> [What this task involves]: Each record must come back unchanged in your answer, stripped of its images.

> [Source data]:
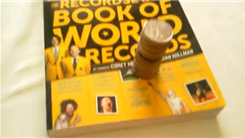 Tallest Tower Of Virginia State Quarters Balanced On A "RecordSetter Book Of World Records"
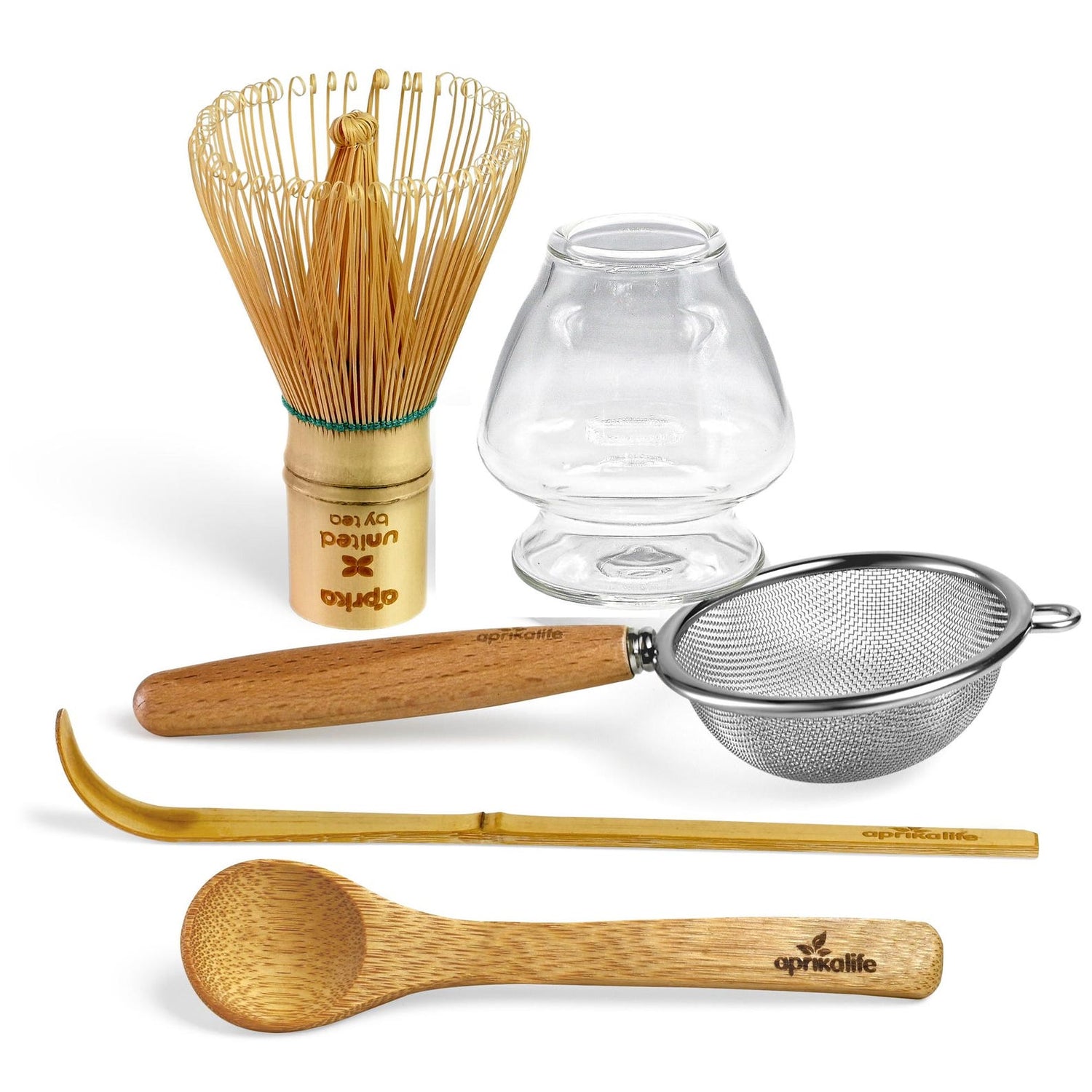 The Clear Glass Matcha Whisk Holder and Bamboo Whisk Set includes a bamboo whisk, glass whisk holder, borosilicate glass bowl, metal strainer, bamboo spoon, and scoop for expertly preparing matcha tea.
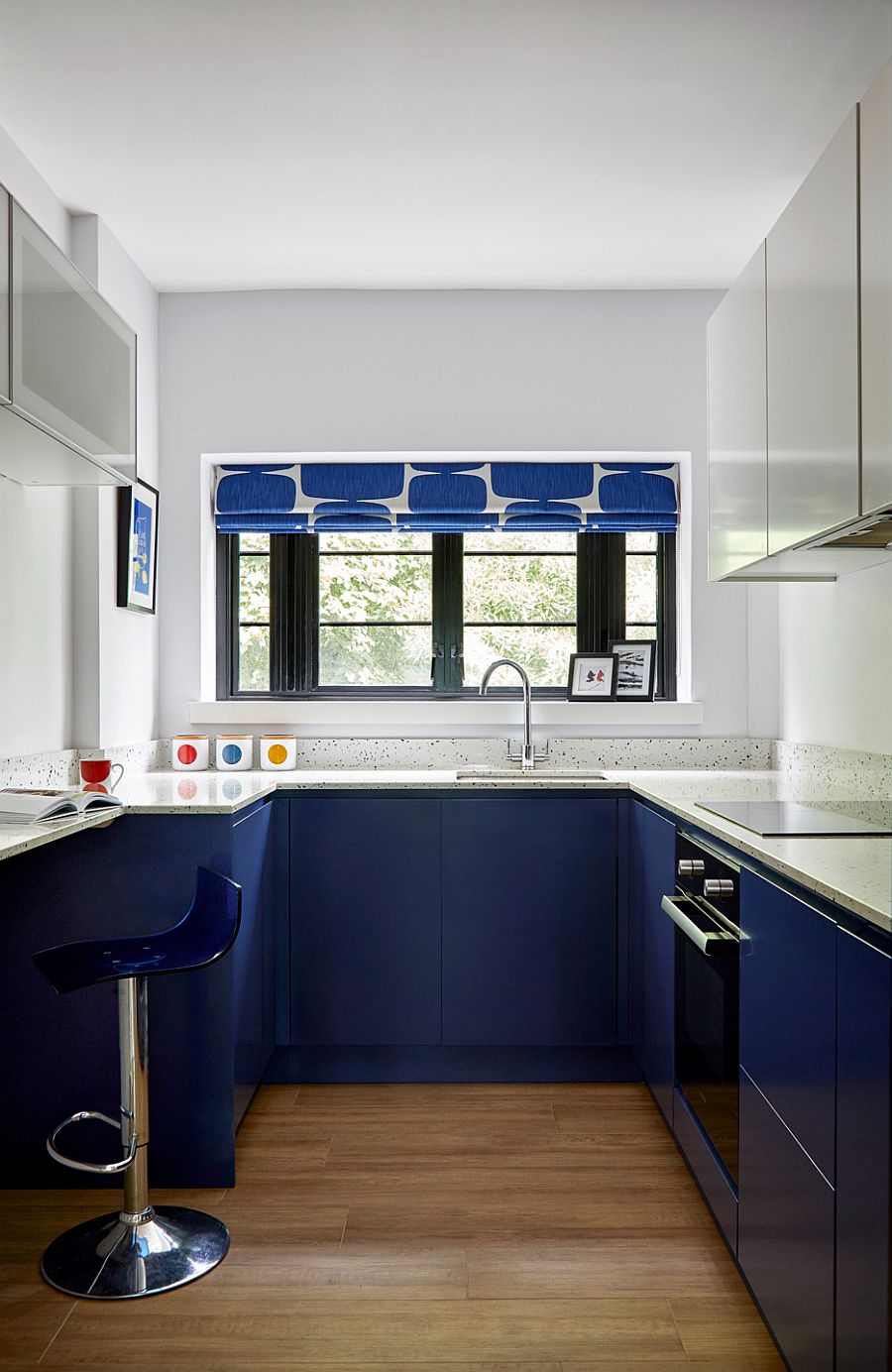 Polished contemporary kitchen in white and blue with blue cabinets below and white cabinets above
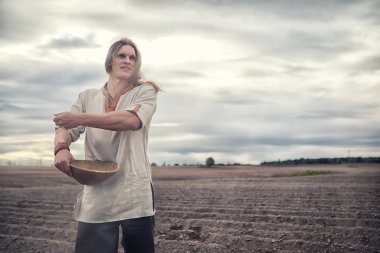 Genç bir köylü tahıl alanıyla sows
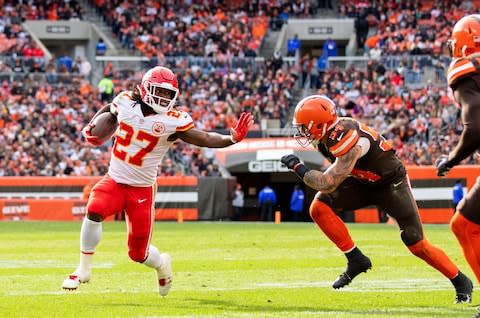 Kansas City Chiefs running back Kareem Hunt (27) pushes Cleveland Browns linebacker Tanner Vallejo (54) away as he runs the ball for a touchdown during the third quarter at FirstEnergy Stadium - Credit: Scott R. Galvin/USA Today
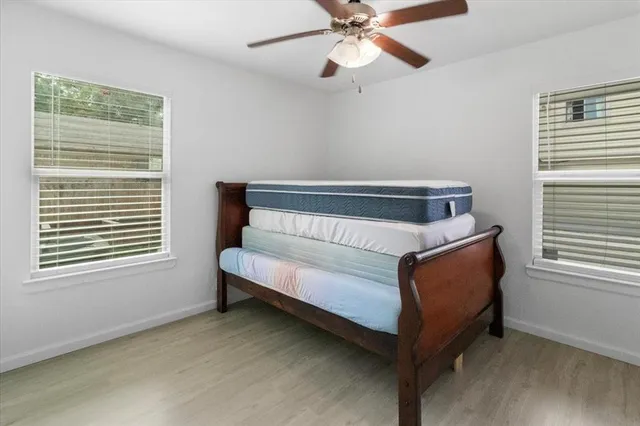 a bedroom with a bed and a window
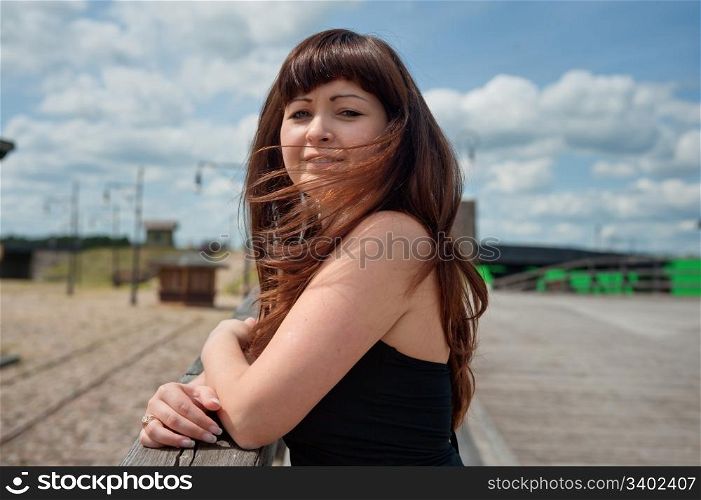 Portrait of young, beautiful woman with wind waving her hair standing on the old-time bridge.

> [Response to the task]:
 Tallest Tower Of Virginia State Quarters Balanced On A "RecordSetter Book Of World Records"
 The Clear Glass Matcha Whisk Holder and Bamboo Whisk Set includes a bamboo whisk, glass whisk holder, borosilicate glass bowl, metal strainer, bamboo spoon, and scoop for expertly preparing matcha tea.
 Polished contemporary kitchen in white and blue with blue cabinets below and white cabinets above
 Genç bir köylü tahıl alanıyla sows
 Kansas City Chiefs running back Kareem Hunt (27) pushes Cleveland Browns linebacker Tanner Vallejo (54) away as he runs the ball for a touchdown during the third quarter at FirstEnergy Stadium - Credit: Scott R. Galvin/USA Today
 a bedroom with a bed and a window
 Portrait of young, beautiful woman with wind waving her hair standing on the old-time bridge.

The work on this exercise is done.